What Was This Debate About?

This parliamentary record concerns a question posed by Mr Pritam Singh to the Minister for Law, focusing on whether the Government intends to review its decision to establish a third law school. The exchange sits within the “Written Answers to Questions” format, meaning the matter was raised as a formal query for ministerial response rather than as an oral debate with extended back-and-forth. Even so, written questions can be highly significant for legal research because they capture the Government’s policy rationale and the framing of legislative or regulatory priorities in a way that is often later relied upon in interpretation and administrative-law contexts.

The question is prompted by considerations of demand and the Government’s approach to meeting it. Mr Singh’s reference to “a large number of oversees…” (as captured in the truncated record) suggests a concern that there is substantial overseas supply—likely of law graduates or prospective legal professionals—who may already have relevant training and experience. He also points to the kinds of experience those overseas candidates may bring, including fields such as social work and law enforcement. The underlying policy issue is whether establishing a third law school remains the most appropriate mechanism to address the needs of the legal profession, or whether the Government should reconsider its decision in light of existing or alternative sources of legal talent.

In legislative context, the establishment of additional law schools is not merely an education policy choice; it has downstream implications for the legal services ecosystem, the pipeline into legal practice, and the broader governance of professional standards. While the record excerpt does not show the full ministerial answer, the question itself signals that the Government’s decision is being scrutinised for responsiveness to market and professional needs—particularly in relation to practice areas such as criminal law and family law.

What Were the Key Points Raised?

First, Mr Pritam Singh asked directly whether the Government plans to review its decision to set up a third law school. This is a classic “policy review” question: it seeks to determine whether the Government is open to reassessing its earlier decision based on new information or changing circumstances. In legal research terms, such questions can be used to identify the Government’s willingness to revisit policy assumptions, which may later matter when interpreting the intent behind regulatory frameworks governing professional training and entry.

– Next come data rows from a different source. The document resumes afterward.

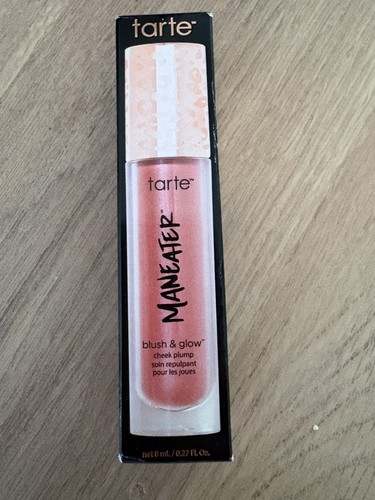 Blush liquide tarte maneater - blush,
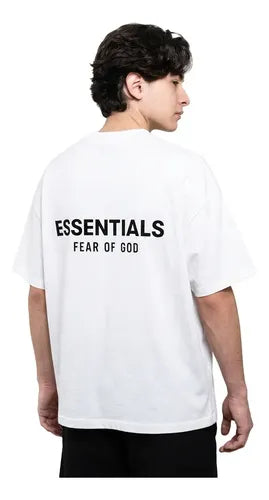 FOG ESSENTIALS S25 "BRIGHT WHITE"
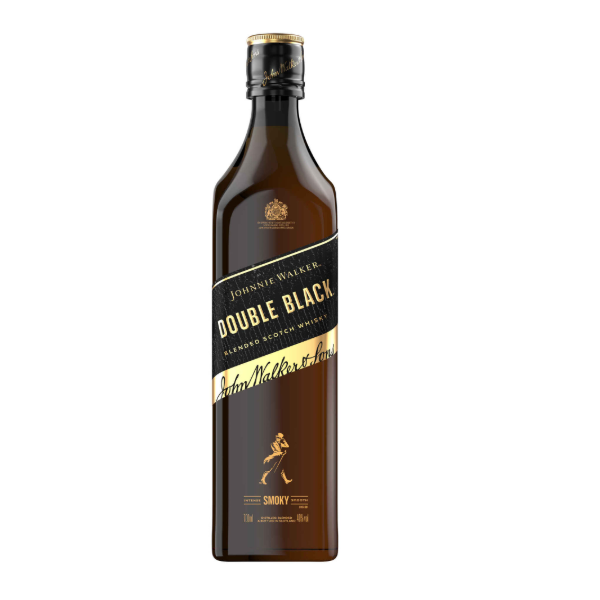 Johnnie Walker Double Black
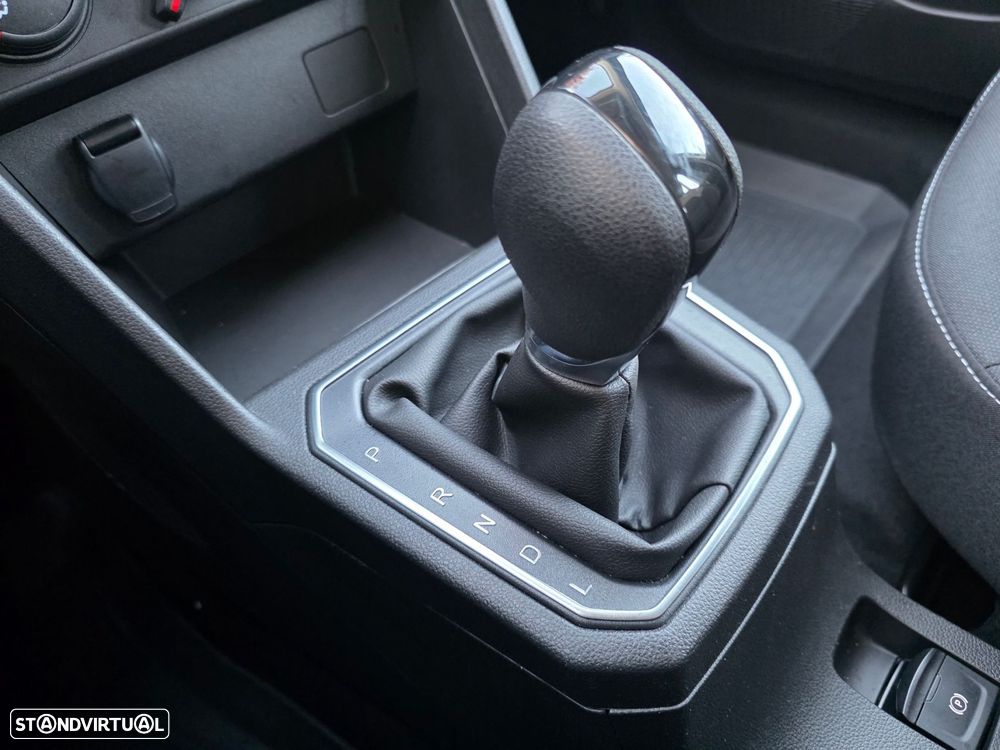 Dacia Sandero 1.0 TCe Comfort CVT - 21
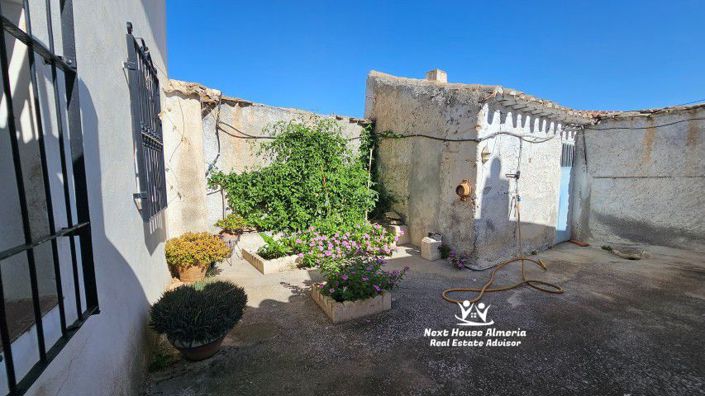 Image No.48-Maison de campagne de 8 chambres à vendre à Oria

Second, the question highlights the perceived availability of overseas-trained candidates. The record refers to “a large number of oversees…” and then indicates that these individuals have experience in fields such as social work and law enforcement. This suggests an argument that overseas candidates may already possess relevant competencies that align with certain areas of legal practice. The question therefore implicitly challenges the premise that additional local legal education capacity is necessary to meet demand, at least in the short to medium term, if overseas pathways can supply practitioners with the desired background and skills.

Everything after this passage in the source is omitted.